Now go back and wrap the second bundle taking care not to not to pass through the loop you are making but under it - we're not creating another knot, just a wrap. When this is done, your knot should have moved slightly to the right and into the half-way position of the open area.

We must wrap the second bundle one more time to complete the third leg of the Punto Quadro. Again, be careful not to pass the needle through the loop you are forming. You can nudge the stitch down to the right-hand edge of the open area to make it level with the third leg of the previously done Punto Quadro.

The last leg of the Punto Quadro is the first leg of the next one, so we start again immediately with the next set:

This is what the front and back look like when we're done:

This is what it looks like in tone on tone:

This a double row of Gigliuccio with a hem (which is secured with a separate row of Simple Hemstitching).

To use it to secure a hem, it is executed on the back side of the work, check out this tutorial for the first part and this tutorial for the second part.


  1. Thank you!
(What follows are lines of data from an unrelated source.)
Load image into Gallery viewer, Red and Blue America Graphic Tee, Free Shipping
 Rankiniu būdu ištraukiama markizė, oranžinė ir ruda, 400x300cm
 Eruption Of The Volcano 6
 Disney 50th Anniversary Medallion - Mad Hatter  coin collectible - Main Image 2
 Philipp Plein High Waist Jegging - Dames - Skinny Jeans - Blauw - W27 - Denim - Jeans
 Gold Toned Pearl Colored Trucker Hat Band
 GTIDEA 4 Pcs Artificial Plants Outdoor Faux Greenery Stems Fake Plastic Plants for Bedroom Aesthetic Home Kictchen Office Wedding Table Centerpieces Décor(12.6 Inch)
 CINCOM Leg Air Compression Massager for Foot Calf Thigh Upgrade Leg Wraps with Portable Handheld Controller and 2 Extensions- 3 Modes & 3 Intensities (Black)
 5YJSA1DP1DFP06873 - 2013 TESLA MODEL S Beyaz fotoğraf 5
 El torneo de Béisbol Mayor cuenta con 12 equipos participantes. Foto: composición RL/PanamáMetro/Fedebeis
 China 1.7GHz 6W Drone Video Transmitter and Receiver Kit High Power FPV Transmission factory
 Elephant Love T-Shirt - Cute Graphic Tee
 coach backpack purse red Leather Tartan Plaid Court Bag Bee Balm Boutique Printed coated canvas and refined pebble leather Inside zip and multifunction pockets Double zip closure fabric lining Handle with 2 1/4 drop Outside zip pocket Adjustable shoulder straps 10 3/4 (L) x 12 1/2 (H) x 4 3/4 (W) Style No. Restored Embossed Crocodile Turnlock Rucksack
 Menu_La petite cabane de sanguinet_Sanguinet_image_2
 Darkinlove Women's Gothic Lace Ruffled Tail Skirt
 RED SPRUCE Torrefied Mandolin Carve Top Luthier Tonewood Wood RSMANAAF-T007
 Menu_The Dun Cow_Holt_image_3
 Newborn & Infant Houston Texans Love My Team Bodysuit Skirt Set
Thank you for this lesson, Jeanine!
    Can I ask how do you finish both sides?
    So far I could understand gigliuccio is the peahole hemstitch, is it?

  2. Hi Meri,
    For the sides I usually do an overcast or buttonhole edge. That's if I'm doing a single row which doesn't intersect with others. If it is intersecting with others then there are all kinds of ways to treat the intersections such as overcasting or darning. I promise to address this in another post!

  3. thanks, Jeanine!
    Wishing you a very Merry Christmas and Happy New Year!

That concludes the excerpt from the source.